With this rate of investment in the sector, there are lessons to be learned and techniques that have been already adopted that will mitigate the risk.  Acquiring in such a fast moving market also brings with it a need for fast track and cost-effective acquisition processes.

  • 41% of respondents that don’t want to acquire a FinTech business cite ‘culture clash’ as a deterrent

When acquiring a FinTech business, it is essential to have an understanding of the implications of combining two cultures.  Developing an all-encompassing integration plan can assist with this.  It is critical that time and money is budgeted for proper integration.

  • 75% of respondents say they must improve their partnering capabilities to accelerate digital innovation

Selecting the most appropriate structure when partnering on digital innovation is very important. The structure under which the partnering exists should give every party confidence in the investment and partnership.

  • The industry acknowledges the need for consortia to enable certain new innovations to be implemented. However, 60% of respondents think some existing consortia are ineffective because they have too many participants, and 68% say they need a high level of control over the activities of any consortium in which they participate.

Choosing the structure for the consortium is critically important.  In particular, clarity of control and how decisions will be made is critical to the rapid and effective adoption of digital innovations.

How can we support you?

The Simmons & Simmons Corporate FinTech team has:

  • an unrivalled understanding of the FinTech sector;
  • recognised market leading transactional and regulatory expertise; and
  • extensive experience of advising on FinTech projects, in supporting clients at all stages of their development to achieve their strategic goals.

Our experience of working closely with some of the UK’s highest profile start-up and scale-up FinTech businesses means that we have a unique understanding of the requirements of these businesses, where the main risks are likely to be and how to maximise opportunities. The depth of our FI expertise also means that we are able to assist banks and asset managers to efficiently and effectively navigate their way through regulatory and reputational issues, including dealing with constraints on the level of ownership and/or control that would be appropriate when making investments in FinTech companies.

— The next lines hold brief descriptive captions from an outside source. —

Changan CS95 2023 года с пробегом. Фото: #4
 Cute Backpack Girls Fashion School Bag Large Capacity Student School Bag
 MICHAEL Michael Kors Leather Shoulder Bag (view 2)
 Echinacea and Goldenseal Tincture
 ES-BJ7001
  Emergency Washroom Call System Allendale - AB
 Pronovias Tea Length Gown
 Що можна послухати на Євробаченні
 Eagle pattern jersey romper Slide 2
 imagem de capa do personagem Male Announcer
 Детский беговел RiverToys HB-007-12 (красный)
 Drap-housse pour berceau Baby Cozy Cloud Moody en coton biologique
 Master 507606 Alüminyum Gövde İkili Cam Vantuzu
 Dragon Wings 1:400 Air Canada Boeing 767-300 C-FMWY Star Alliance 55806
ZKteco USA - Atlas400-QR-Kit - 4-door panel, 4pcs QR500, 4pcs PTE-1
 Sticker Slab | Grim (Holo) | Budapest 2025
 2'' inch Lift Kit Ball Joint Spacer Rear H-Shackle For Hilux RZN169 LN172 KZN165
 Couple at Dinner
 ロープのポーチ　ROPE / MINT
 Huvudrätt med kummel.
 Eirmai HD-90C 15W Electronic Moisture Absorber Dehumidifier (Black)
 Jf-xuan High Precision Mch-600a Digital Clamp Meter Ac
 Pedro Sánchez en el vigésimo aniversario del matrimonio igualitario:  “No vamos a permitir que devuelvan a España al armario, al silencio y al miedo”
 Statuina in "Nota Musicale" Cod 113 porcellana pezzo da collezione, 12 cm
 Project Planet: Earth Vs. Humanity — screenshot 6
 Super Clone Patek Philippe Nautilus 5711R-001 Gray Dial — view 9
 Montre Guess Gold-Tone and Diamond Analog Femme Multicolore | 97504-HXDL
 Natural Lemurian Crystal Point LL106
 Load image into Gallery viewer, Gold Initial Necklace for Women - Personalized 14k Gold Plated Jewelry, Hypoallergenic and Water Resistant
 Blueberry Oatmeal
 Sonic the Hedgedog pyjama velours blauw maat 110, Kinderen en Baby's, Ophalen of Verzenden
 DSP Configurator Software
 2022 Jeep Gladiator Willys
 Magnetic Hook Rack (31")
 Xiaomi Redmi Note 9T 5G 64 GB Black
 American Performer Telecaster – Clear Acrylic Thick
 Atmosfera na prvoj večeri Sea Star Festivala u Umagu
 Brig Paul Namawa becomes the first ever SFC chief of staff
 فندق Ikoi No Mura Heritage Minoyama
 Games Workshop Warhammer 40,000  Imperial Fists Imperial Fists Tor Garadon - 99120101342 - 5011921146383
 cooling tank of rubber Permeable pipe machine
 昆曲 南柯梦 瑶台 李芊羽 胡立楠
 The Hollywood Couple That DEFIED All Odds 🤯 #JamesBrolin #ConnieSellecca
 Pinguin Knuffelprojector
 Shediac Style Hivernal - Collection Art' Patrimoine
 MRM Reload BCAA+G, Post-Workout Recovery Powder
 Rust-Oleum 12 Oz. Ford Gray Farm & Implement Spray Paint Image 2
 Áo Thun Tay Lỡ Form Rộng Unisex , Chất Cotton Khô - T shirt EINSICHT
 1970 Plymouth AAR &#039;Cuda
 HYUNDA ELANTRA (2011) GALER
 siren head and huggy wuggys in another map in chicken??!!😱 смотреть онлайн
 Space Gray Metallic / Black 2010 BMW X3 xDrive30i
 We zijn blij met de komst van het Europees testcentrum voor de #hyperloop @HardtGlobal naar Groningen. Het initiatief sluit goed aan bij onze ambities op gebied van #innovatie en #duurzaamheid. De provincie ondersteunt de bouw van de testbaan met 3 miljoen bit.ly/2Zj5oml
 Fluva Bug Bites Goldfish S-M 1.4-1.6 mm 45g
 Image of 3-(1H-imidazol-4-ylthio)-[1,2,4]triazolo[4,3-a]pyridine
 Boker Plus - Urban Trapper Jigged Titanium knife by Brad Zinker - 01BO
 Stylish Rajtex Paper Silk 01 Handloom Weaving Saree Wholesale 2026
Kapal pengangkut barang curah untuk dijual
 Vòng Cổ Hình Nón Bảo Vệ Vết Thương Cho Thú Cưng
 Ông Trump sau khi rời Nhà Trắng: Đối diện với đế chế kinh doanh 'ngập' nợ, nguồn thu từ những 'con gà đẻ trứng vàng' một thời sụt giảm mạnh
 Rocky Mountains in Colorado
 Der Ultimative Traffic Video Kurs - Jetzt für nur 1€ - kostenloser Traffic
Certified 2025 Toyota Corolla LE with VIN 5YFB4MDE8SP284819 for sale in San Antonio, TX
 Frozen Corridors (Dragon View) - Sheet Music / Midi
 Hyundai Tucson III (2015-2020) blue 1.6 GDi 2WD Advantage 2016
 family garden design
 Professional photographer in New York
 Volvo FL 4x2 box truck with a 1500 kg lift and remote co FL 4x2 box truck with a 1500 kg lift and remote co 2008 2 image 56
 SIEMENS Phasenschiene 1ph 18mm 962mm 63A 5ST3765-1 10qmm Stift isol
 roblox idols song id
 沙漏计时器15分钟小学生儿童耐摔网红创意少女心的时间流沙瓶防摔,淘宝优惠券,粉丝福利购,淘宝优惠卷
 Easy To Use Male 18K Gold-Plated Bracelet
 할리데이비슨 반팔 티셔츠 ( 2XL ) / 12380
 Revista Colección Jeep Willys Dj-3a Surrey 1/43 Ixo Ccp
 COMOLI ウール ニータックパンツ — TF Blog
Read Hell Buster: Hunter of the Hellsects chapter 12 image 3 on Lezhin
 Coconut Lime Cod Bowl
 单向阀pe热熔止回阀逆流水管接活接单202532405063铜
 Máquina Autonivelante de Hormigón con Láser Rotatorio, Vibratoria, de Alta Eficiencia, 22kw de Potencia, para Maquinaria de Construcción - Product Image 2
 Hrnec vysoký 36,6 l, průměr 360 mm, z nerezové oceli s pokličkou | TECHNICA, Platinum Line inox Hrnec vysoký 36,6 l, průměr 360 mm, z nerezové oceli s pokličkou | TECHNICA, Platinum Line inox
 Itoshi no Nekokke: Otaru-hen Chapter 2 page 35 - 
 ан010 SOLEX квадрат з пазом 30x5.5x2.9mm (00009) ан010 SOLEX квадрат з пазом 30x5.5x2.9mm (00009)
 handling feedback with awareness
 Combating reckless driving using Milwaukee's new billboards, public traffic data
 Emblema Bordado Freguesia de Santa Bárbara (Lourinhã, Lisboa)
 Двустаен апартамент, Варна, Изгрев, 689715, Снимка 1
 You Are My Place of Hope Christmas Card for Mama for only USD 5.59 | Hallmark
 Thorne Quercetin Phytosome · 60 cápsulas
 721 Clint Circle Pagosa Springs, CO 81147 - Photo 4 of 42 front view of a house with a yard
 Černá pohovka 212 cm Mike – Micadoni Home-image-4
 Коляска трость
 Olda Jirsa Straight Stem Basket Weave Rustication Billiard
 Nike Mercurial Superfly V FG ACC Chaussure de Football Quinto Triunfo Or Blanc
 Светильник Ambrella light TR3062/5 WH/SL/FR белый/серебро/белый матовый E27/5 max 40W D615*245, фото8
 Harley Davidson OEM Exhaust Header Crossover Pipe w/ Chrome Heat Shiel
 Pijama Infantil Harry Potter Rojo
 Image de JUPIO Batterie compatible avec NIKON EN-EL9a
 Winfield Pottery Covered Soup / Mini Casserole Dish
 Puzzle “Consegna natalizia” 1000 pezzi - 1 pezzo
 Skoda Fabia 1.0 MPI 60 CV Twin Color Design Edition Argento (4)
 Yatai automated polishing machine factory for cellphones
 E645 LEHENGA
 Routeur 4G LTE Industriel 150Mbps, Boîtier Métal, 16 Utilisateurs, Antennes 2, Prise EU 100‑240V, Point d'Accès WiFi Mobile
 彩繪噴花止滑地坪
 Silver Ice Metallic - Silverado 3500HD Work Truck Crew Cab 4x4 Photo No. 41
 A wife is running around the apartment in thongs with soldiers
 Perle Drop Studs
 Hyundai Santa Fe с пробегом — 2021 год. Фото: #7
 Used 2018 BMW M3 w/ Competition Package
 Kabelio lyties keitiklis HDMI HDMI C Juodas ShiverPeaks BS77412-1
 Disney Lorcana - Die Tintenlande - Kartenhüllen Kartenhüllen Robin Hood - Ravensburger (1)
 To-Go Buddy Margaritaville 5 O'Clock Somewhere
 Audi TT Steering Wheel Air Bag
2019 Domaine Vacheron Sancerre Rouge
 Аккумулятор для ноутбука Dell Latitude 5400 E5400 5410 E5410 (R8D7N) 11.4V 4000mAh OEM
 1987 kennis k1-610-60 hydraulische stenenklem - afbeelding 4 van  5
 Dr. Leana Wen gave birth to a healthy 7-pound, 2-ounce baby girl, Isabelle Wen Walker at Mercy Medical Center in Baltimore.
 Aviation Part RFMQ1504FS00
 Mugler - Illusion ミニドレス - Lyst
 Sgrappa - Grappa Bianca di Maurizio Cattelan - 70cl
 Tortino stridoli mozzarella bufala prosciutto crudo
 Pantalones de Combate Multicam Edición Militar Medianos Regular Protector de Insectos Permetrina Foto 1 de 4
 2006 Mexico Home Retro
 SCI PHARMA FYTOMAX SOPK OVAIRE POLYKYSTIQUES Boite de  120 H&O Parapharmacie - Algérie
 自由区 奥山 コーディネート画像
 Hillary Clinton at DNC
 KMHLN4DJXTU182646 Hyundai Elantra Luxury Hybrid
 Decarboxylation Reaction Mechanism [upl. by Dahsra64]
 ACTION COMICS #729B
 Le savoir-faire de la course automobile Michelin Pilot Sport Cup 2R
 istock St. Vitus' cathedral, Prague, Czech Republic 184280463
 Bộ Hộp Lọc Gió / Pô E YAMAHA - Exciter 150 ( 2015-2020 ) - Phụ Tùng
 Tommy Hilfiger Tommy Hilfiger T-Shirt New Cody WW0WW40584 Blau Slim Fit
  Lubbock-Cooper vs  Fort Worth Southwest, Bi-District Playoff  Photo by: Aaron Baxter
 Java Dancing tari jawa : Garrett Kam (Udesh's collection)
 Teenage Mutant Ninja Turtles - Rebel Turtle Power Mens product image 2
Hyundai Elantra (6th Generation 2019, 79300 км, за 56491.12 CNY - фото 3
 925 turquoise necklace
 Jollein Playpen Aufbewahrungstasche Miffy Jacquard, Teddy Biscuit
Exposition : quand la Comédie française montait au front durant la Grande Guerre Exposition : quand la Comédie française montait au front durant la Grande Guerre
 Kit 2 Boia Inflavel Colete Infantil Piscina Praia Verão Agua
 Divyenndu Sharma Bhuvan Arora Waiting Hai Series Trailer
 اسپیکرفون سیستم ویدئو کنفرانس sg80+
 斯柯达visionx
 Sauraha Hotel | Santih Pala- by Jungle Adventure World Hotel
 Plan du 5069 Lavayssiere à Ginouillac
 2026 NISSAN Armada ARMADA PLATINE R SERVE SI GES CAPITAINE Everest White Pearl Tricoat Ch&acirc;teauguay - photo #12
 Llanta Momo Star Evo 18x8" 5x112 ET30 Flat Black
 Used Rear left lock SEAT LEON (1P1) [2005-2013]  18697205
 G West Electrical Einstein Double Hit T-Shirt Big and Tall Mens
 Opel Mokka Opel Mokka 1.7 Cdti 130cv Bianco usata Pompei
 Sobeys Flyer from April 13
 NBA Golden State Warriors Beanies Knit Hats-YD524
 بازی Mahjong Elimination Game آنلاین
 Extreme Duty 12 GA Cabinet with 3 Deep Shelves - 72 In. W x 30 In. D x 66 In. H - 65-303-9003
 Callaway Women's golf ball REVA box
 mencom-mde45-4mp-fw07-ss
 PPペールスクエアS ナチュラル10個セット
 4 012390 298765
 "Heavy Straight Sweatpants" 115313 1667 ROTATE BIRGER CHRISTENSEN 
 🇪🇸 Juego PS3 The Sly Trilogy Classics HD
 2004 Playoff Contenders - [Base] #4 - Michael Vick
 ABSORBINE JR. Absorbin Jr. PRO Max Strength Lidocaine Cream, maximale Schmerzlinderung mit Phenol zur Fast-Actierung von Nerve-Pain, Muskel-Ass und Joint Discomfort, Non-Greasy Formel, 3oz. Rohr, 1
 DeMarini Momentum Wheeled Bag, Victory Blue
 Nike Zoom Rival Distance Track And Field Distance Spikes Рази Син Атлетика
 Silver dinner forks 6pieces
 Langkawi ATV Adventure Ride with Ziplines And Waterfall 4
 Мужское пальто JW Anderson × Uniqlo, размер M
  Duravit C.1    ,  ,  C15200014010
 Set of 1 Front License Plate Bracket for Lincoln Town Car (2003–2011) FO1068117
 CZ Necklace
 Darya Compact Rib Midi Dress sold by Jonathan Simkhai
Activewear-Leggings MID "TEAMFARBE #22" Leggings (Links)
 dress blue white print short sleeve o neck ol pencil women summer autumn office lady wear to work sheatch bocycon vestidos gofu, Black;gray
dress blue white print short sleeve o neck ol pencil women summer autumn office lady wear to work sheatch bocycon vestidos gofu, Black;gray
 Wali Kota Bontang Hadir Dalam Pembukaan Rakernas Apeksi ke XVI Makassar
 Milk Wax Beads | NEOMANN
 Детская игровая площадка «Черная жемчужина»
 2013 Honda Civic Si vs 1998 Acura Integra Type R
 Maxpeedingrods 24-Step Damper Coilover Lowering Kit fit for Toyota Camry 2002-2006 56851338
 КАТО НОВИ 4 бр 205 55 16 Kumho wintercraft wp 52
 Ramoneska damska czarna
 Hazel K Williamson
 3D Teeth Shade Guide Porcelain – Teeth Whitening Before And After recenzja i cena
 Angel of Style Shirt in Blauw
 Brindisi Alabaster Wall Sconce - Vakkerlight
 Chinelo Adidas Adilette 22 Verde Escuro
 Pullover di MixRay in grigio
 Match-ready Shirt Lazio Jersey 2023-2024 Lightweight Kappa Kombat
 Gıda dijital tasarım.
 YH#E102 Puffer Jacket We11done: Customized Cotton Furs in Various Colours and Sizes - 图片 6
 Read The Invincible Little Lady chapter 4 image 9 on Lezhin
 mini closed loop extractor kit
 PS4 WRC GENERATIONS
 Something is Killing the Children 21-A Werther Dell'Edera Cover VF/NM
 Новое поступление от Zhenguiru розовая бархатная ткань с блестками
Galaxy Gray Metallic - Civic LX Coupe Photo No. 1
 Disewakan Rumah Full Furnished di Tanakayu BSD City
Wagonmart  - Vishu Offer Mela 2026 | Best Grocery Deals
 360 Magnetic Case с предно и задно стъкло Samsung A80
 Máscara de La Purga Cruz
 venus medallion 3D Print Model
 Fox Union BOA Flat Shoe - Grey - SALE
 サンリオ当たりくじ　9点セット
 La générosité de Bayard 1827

We were also the first law firm in the UK to launch a free legal advice fund to support the growth of exciting early-stage FinTech businesses.  We launched the Fund in May 2016 and selected the businesses we are supporting via the Fund in September.  We consider that the experience we have in deciding which FinTech businesses we invest in ourselves gives us a unique perspective when helping our clients identify and manage the risks involved in their own investments in this space

Our Fintech M&A Experience

  • We have advised on investments in some of the best known FinTech businesses in the UK including: Zopa, Seedrs, Wonga, Bullion Vault and Borro.
  • We have advised major banks on minority equity investments in the FinTech sector and we also advised the British Business Bank (and HM Treasury) in connection with its due diligence of the finance platforms that applied for designation under the Small and Medium Sized Business (Finance Platforms) Regulations 2015.
  • We advise a large number of FinTech 50 businesses including Funding Circle, LendInvest, Market Invoice, Iwoca, Osper, Suade and Synerscope as well as corporate investors such as Metro AG and numerous other FinTech start-ups including Moneybox, Origin, Cuvva, Tallysticks, Railsbank, Alterest, Flipper, Neat and Lifescale.

About the data:

On behalf of Simmons & Simmons, Longitude Research launched an online survey at the beginning of January 2017 and, over a 3 month period, conducted a series of independent one-on-one interviews to investigate and understand the strategies that large institutions in the financial services industry are pursuing to accelerate their digital innovation. We received 200 responses (as well as conducting 9 in-depth interviews), from senior individuals at international banks (both investment and retail) and asset managers.  Of the 200 responses, 26% are from UK (London), 25% Germany (Frankfurt), 24% USA (New York) and 25% from Asia (Hong Kong and Singapore).